__DATASET EXTRACT__
..........

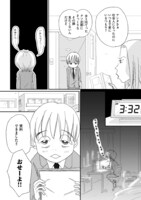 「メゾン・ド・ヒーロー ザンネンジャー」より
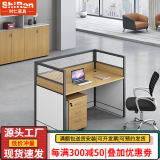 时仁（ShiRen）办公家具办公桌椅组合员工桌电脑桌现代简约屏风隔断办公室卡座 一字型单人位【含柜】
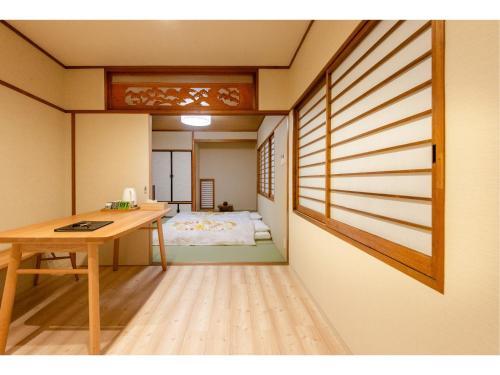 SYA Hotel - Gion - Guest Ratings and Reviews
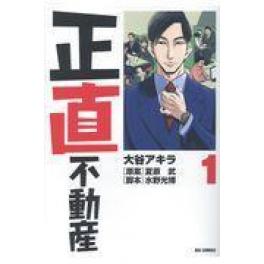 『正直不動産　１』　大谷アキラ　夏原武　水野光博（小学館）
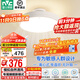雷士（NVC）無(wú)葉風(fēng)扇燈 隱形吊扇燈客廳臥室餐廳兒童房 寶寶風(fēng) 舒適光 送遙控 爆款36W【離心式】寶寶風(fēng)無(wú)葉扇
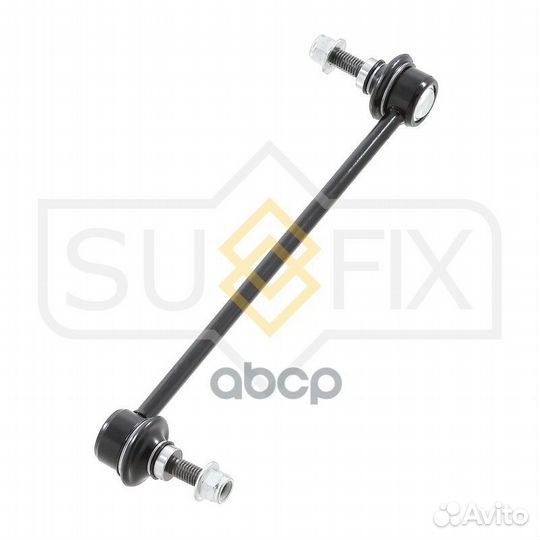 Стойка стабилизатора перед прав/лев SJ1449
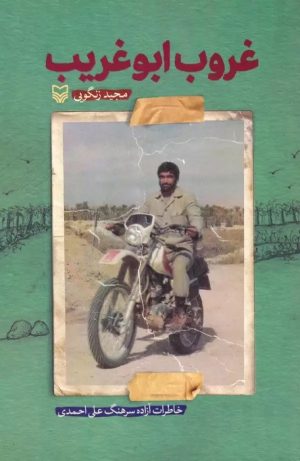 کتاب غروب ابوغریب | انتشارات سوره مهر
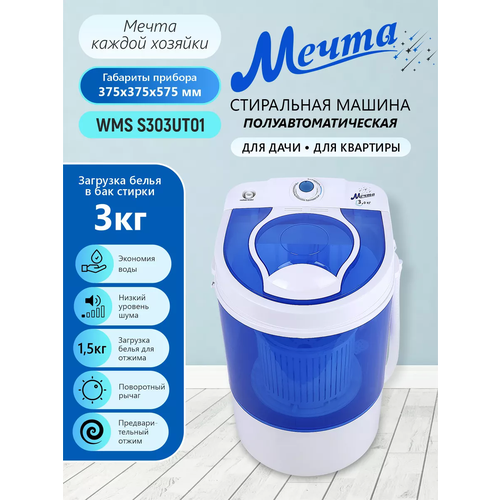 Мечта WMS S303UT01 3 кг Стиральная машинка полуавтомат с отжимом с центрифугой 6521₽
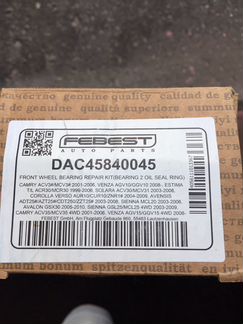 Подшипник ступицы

..........

Quote the records in their entirety, keeping the wording exact and excluding pictures.

__RESULT__
 「メゾン・ド・ヒーロー ザンネンジャー」より
 时仁（ShiRen）办公家具办公桌椅组合员工桌电脑桌现代简约屏风隔断办公室卡座 一字型单人位【含柜】
 SYA Hotel - Gion - Guest Ratings and Reviews
 『正直不動産　１』　大谷アキラ　夏原武　水野光博（小学館）
雷士（NVC）無(wú)葉風(fēng)扇燈 隱形吊扇燈客廳臥室餐廳兒童房 寶寶風(fēng) 舒適光 送遙控 爆款36W【離心式】寶寶風(fēng)無(wú)葉扇
 Стойка стабилизатора перед прав/лев SJ1449
 کتاب غروب ابوغریب | انتشارات سوره مهر
 Мечта WMS S303UT01 3 кг Стиральная машинка полуавтомат с отжимом с центрифугой 6521₽
 Подшипник ступицы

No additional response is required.